The nasal septum is the wall between the nostrils that separates the two nasal passages. It supports the nose and directs airflow. The septum is made of thin bone in the back and cartilage in the front. A deviated septum occurs when the cartilage or bone is not straight. A crooked septum can make breathing difficult. The condition also can lead to snoring and sleep apnea.
The septum can bend to one side or another as a part of normal growth during childhood and puberty. Also, the septum can be deviated at birth (congenital) or because of an injury, such as a broken nose. Very few people have a perfectly straight septum.

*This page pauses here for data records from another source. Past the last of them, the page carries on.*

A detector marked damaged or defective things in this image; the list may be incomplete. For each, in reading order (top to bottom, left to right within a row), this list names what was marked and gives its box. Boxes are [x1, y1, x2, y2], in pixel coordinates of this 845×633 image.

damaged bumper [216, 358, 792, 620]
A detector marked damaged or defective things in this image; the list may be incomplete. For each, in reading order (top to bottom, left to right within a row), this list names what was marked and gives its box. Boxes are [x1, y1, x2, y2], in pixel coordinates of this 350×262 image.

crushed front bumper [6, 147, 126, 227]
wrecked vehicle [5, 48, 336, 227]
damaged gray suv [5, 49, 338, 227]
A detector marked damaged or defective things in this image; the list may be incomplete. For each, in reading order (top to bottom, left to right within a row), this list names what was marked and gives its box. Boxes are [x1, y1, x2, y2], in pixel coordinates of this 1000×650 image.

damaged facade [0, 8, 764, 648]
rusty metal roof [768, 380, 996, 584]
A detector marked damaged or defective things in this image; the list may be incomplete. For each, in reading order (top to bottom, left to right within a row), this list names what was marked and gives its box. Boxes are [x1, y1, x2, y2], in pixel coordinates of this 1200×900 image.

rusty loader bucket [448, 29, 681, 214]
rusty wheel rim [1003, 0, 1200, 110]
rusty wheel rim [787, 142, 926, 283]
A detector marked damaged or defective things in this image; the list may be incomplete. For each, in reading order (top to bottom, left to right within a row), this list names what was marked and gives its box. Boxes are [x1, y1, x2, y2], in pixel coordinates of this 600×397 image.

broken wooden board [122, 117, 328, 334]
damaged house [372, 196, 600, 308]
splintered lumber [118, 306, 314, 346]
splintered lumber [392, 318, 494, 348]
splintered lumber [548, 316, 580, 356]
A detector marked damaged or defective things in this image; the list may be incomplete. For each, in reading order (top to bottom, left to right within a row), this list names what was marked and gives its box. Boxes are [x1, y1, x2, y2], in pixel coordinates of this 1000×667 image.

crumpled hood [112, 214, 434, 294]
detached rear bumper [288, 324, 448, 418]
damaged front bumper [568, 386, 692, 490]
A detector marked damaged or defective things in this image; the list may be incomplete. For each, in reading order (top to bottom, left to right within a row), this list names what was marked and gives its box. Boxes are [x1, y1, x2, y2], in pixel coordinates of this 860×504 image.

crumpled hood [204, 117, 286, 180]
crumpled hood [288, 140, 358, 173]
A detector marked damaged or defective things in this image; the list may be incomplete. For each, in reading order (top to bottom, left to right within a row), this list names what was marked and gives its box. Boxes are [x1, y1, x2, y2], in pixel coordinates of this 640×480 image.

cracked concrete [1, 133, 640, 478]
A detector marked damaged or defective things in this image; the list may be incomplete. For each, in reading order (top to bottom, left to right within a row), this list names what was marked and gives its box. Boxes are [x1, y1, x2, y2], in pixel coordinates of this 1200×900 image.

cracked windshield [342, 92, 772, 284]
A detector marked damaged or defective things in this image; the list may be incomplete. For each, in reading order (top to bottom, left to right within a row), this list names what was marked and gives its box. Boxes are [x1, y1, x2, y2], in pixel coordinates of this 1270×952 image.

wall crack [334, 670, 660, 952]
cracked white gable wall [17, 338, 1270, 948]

Surgery to straighten the septum is called septoplasty, submucous resection of the septum, or septal reconstruction. The surgery may be done along with other procedures to treat chronic sinusitis, inflammation, or bleeding, or to correct sleep apnea. Septoplasty also may be done to allow access into the nose to remove nasal polyps. In general, septoplasty is needed only when breathing problems or snoring do not get better without surgery. For more information on surgery to treat chronic sinusitis, see the topic Sinusitis.
Before surgery, the doctor may use a thin, lighted instrument (endoscope) to look at your nasal passages and to see the shape of your septum. In some cases, the endoscope may be used during surgery. You will receive local or general anesthesia for the 60- to 90-minute operation, which is usually done in an outpatient surgery center.
The septum and nasal passages are lined with a layer of soft tissue called the nasal mucosa. To repair the septum, the surgeon works through the nostrils, making an incision to separate the mucosa from the underlying cartilage and bone. The doctor trims or straightens the bent cartilage and then replaces the mucosa over the cartilage and bone.